I logged onto Twitter this afternoon to find the following tweet from the Ben Hall campaign:
Parker rejects Ben’s historic proposal for six debates. She wants only one. The people of Houston deserve better!
And then, this article by Mike Morris at the Houston Chronicle:
Hall wants three showdowns after Labor Day on Sept. 2 but before the start of early voting, and another three leading up to Election Day on Nov. 5, so the candidates can “share our contrasting ideas and vision for the future of this great city.”
“Too much is at stake for us not to share our plans for Houston with her citizens,” Hall wrote in a letter to Parker.
Parker has agreed to just one debate, said campaign spokeswoman Sue Davis, to include all mayoral candidates and all media. The event would be scheduled after the Aug. 26 candidate filing deadline, Davis said.
“All year long, Mayor Parker speaks daily about city issues to civic clubs, neighborhood groups and other organizations, holds tele-town halls and online chats and is available to the media,” Davis said.

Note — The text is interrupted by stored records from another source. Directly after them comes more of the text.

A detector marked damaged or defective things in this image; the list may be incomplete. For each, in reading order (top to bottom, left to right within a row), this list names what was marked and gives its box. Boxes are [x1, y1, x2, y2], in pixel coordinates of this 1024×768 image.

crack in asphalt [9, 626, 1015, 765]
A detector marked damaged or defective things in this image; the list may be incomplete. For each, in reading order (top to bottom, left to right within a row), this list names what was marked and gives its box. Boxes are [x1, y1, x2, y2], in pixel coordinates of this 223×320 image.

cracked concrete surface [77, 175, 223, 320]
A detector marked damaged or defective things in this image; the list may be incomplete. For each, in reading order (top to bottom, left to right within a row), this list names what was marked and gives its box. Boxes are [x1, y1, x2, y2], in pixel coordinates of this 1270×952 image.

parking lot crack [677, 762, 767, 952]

This sparked my interest, so I contacted the Parker campaign myself to discuss this quandary. After a few emails, Sue Davis, Parker’s communication director, sent me the following statement:
Mayor Parker participated in many debates in the 2009 campaign. However, that was different in that it was an open seat. Since she’s been in office, Mayor Parker has spent the last three and a half years speaking to just about everyone and every organization who has asked her to speak. She has spoken to Houstonians one-on-one in person, by telephone and through social media about what the city is doing for them in every area of their lives. She continues to do so today. I believe Houstonians have a very good idea of who Mayor Parker is, the good work she has done for this city and the plans she has for our future.
She later made a point of noting there was only one debate in 2011, as well.

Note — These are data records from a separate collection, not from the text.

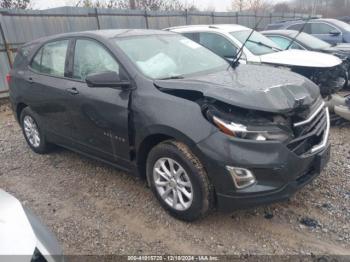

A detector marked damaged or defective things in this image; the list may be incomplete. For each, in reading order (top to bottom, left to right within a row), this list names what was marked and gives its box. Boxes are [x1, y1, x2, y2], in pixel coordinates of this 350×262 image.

crumpled hood [262, 49, 340, 67]
crumpled hood [154, 64, 322, 113]
car's front end damage [154, 65, 330, 211]
broken headlight lens [213, 116, 290, 142]
damaged front bumper [197, 104, 330, 211]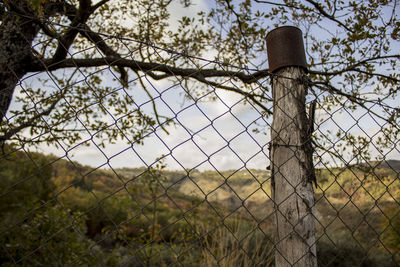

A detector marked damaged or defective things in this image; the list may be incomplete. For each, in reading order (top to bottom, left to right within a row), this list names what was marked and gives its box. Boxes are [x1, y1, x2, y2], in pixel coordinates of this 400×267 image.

rusty metal cap [268, 26, 308, 73]
rust stain on post [268, 26, 308, 73]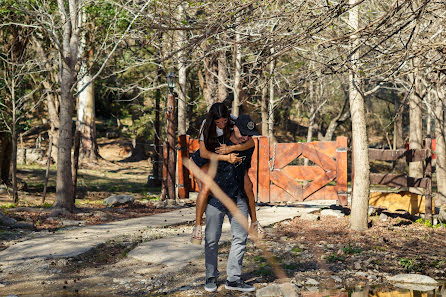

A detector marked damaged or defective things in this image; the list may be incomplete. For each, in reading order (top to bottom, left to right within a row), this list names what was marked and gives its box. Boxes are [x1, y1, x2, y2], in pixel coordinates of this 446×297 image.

rusty orange gate [178, 135, 348, 205]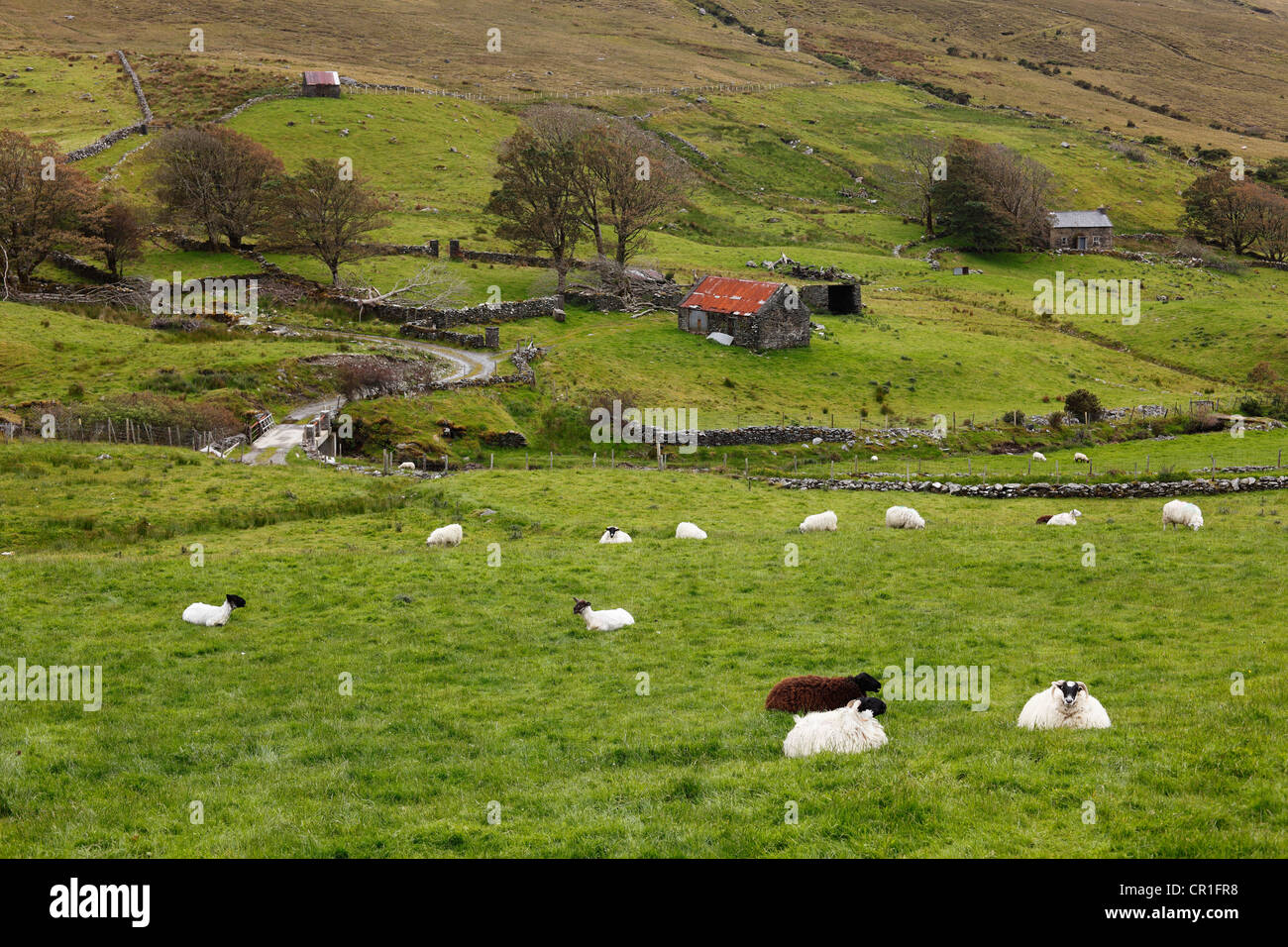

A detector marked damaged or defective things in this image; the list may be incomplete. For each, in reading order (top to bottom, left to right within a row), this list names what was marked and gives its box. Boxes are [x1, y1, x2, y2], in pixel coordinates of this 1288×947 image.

rusty red roof [680, 275, 778, 316]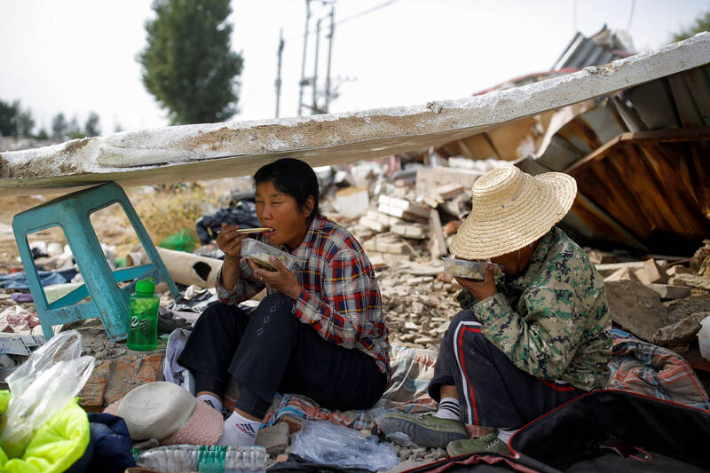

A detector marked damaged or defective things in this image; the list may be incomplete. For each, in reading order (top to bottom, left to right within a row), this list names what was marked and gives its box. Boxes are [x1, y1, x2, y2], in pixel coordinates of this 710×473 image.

broken concrete beam [336, 187, 370, 218]
broken concrete beam [378, 195, 428, 218]
broken concrete beam [390, 220, 428, 236]
torn clothing [216, 213, 390, 372]
torn clothing [458, 227, 616, 390]
broken concrete beam [608, 278, 672, 342]
broken concrete beam [648, 280, 692, 298]
broken concrete beam [652, 312, 708, 344]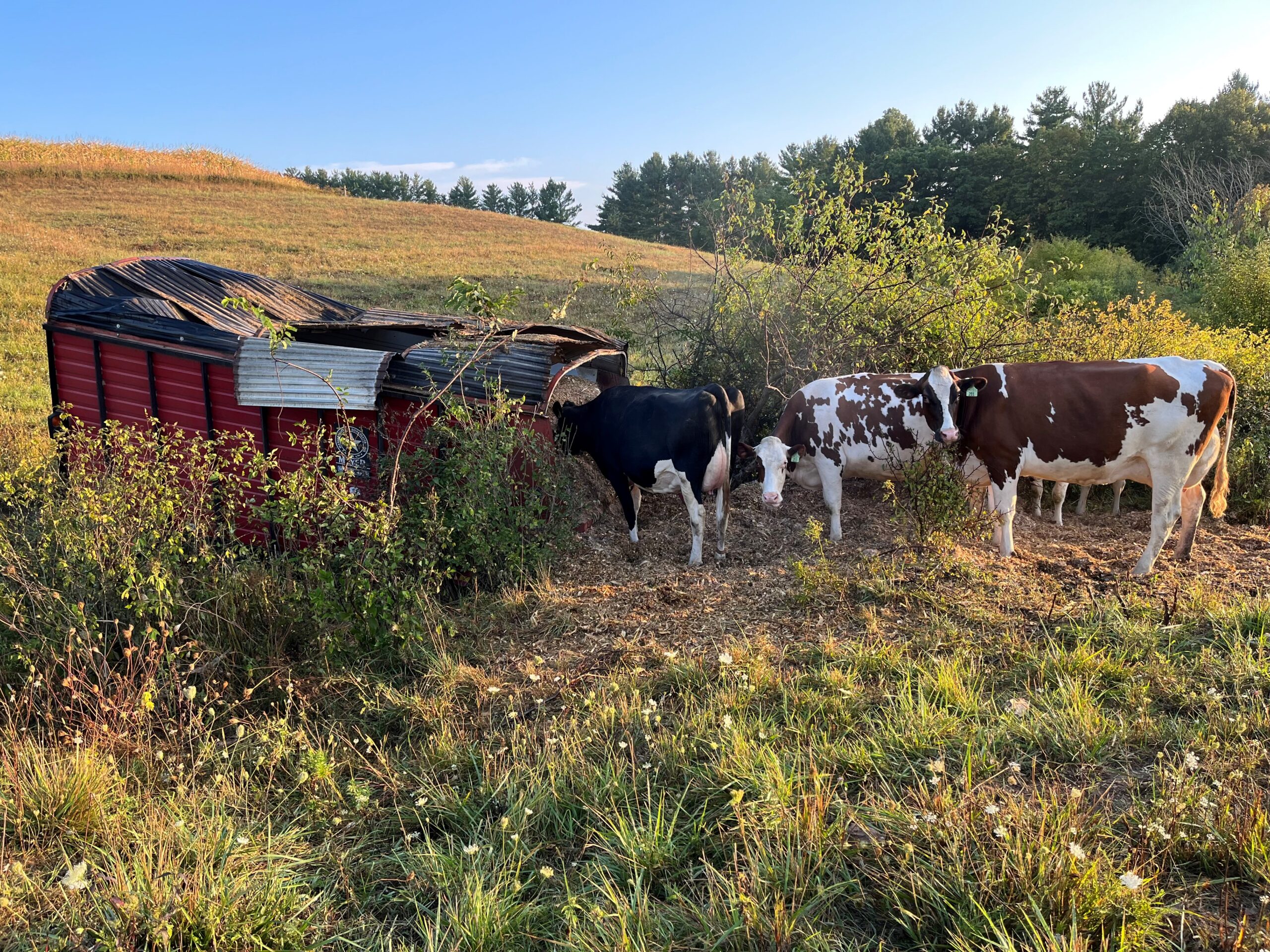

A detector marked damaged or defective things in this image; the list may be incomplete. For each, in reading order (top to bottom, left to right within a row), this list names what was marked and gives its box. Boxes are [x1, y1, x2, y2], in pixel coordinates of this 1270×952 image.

rusted metal sheet [234, 340, 391, 411]
damaged roof [48, 257, 625, 406]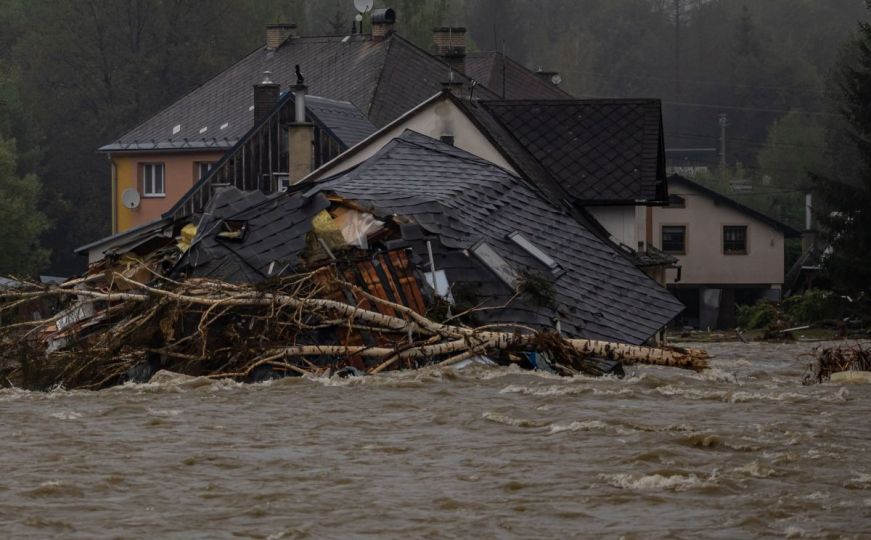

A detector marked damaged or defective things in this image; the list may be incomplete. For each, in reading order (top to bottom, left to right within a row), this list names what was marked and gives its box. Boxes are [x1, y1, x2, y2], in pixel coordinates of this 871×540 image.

broken roof section [304, 130, 680, 342]
damaged roof [304, 131, 680, 344]
damaged roof [460, 97, 672, 207]
broken roof section [460, 97, 672, 207]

I have had almost no problems with the Mayor’s campaign up until now, but these comments struck a line with me. Meeting with people and delineating your ideas does not excuse you from declining to debate your opponents. While I certainly agree that six debates is far too many, the idea of a single debate is laughable and ridiculous.

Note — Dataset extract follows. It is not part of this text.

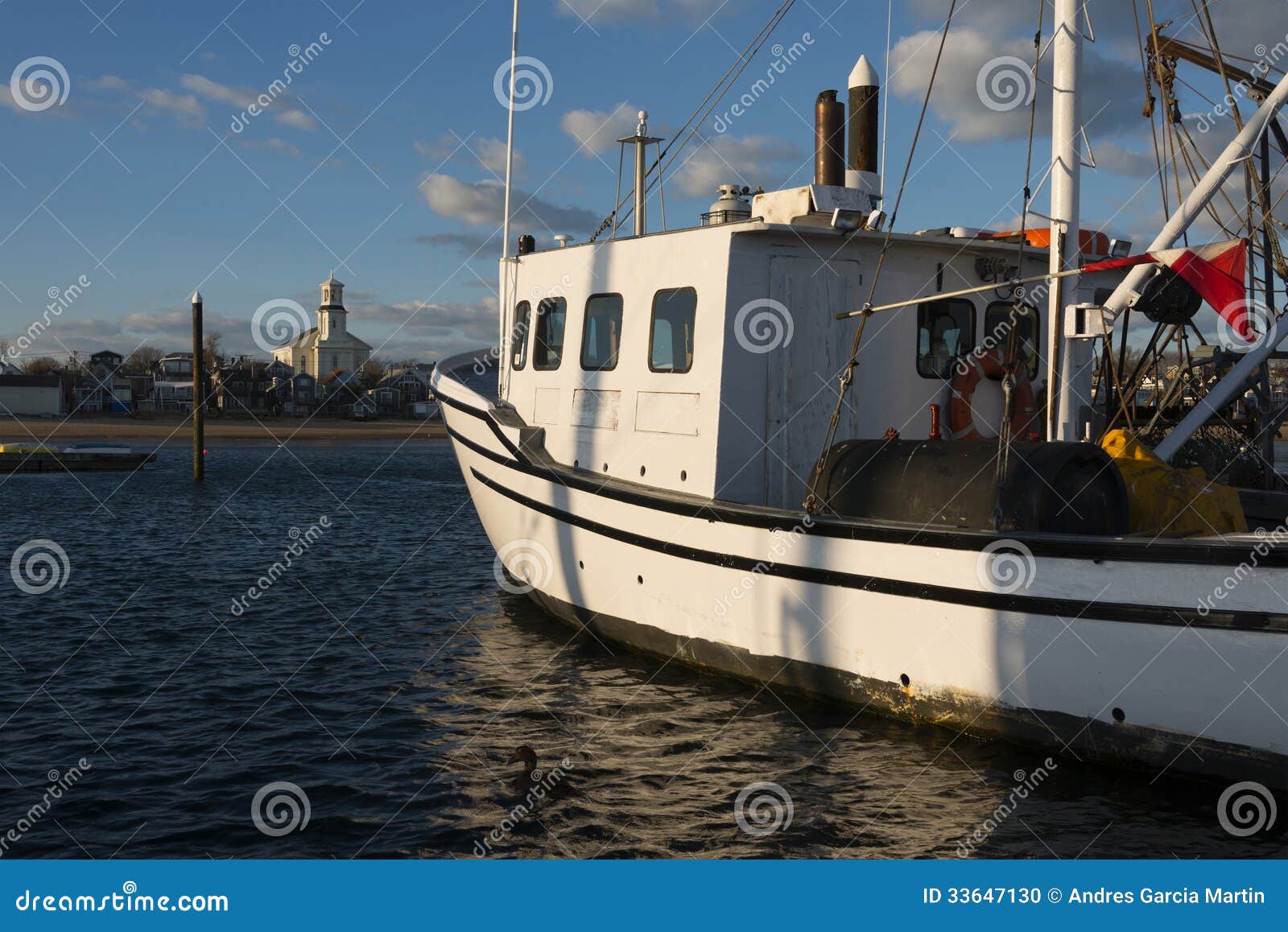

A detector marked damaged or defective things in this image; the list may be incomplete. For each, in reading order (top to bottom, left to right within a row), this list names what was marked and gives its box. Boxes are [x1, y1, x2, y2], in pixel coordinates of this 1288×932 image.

rusty exhaust stack [814, 89, 844, 186]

While one debate may have been sufficient for 2011, Parker has legitimate opposition in this year’s election. She does not have the luxury of sitting out the contest. If the Mayor is truly so nonchalant about speaking, voicing and defending her opinions and positions, the debates should be a breeze for her. While such action on her part will most likely not affect her standings in the polls in any meaningful way, it bodes poorly for her campaign’s image, and reeks of a move out of Rick Perry’s playbook.
As for the notion that perhaps the Mayor does not have time to attend multiple debates (I would like to see THREE), such an idea would be utterly ludicrous. The President of the United States took enough time out of his busy schedule last year to prepare and attend THREE debates, the Mayor is more than able to do the same.
I fear that Parker’s campaign is underplaying her hand, which in turn has lead them to this regrettable move. I have never seen Ben Hall in a debate, so I can not speak as to how well he would perform, but I believe everyone agrees it is not very far-fetched that he could outdo Parker in the oratory (and, of course, obfuscation). Such a premise, however, ignores an invaluable fact: Annise Parker will be able to run on her record. Obama couldn’t do that last year because the economy still sucks and there haven’t been any major positive impacts felt yet pertaining to Obamacare (because the law’s major components aren’t in effect yet). It is absolutely imperative that, in any an all debates which may occur, Parker stands strong on her record. She has the record to run on.
If she does that, it shouldn’t matter how many debates there are. She made a huge mistake in fully rebuffing Hall’s offer to multiple debates.